TRY IT: With the pictures left out, reproduce exactly the lines from the one containing "Bari 30 Inch" through the final line of the entries.

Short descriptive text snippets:
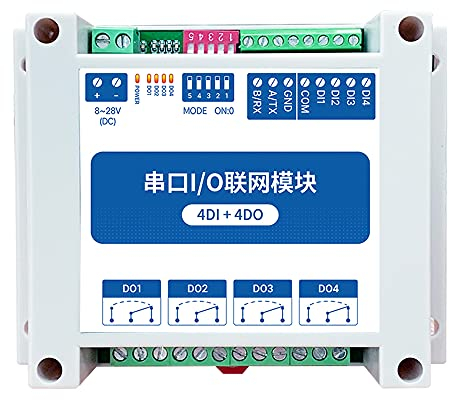 EBYTE ModBus RTU Serial IO Modul RS485 Schnittstelle 4DI + 4DO 4 digitale Ausgänge MA01-AXCX4040 Schieneninstallation 8~28 V DC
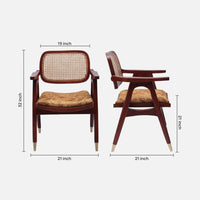 dimensions image of Aakar Teak Wood Arm Chairs (Brown Gold) 
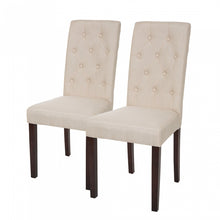 Load image into Gallery viewer, Cream White Upholstered Fabric Dining Chairs With Tufted Back, Set Of 2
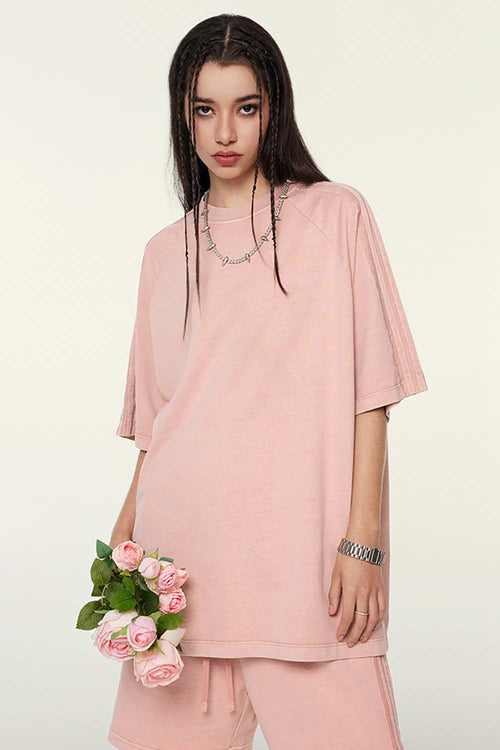 Washed Heavyweight Vintage Tee - Nude Pink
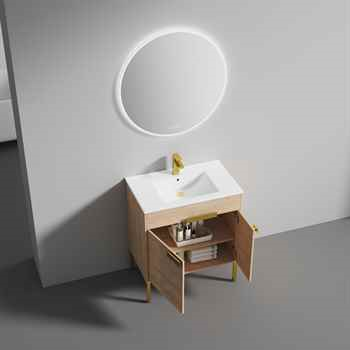 Bari 30 Inch Modern Bathroom Vanity with Maple/ Brush Gold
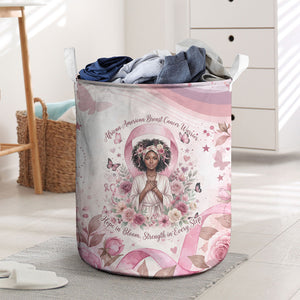 African American Breast Cancer Warrior Black Queen Laundry Basket Floral Pink Ribbon Watercolor Butterfly Hope Art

TASK OUTPUT:
 Bari 30 Inch Modern Bathroom Vanity with Maple/ Brush Gold
 African American Breast Cancer Warrior Black Queen Laundry Basket Floral Pink Ribbon Watercolor Butterfly Hope Art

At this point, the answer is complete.